> [Assignment]
What you return should be the lines from the one with "Invitrogen LMTK3 Polyclonal" through the one with "טיפול קוויאר Juliettte Armand" in the data below, reproduced exactly with both ends, and no pictures at all.

> [Data records]
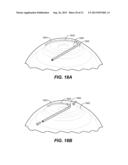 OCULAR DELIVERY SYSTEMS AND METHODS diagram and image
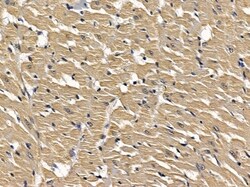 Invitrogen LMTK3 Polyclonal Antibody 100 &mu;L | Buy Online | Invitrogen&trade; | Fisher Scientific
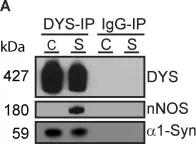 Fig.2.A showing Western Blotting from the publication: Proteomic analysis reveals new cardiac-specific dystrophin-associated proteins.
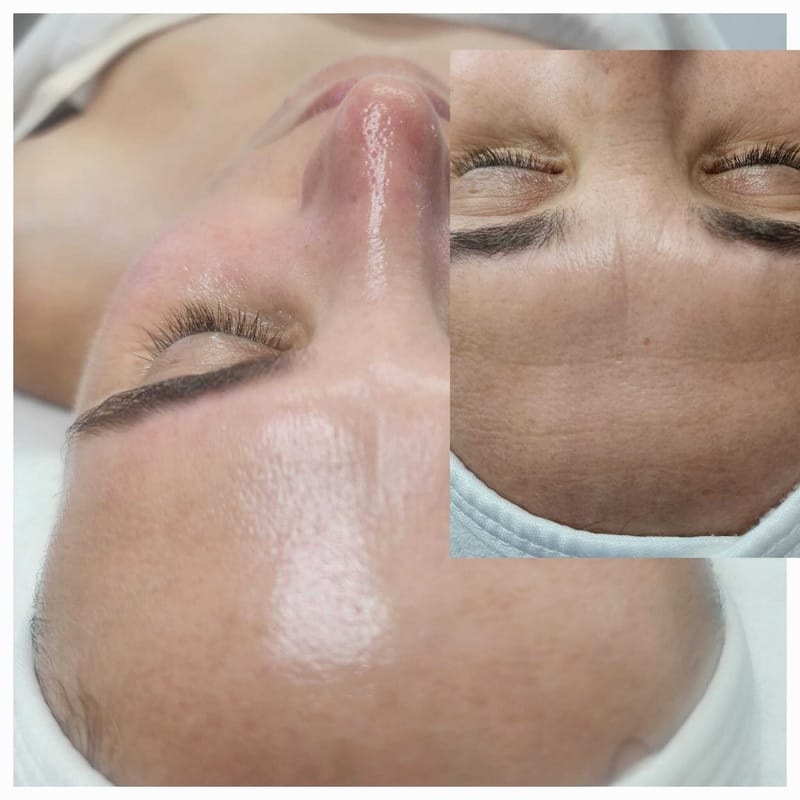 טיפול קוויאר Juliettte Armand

==

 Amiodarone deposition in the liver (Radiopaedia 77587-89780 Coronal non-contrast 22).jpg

> [Expected output]
 Invitrogen LMTK3 Polyclonal Antibody 100 &mu;L | Buy Online | Invitrogen&trade; | Fisher Scientific
 Fig.2.A showing Western Blotting from the publication: Proteomic analysis reveals new cardiac-specific dystrophin-associated proteins.
 טיפול קוויאר Juliettte Armand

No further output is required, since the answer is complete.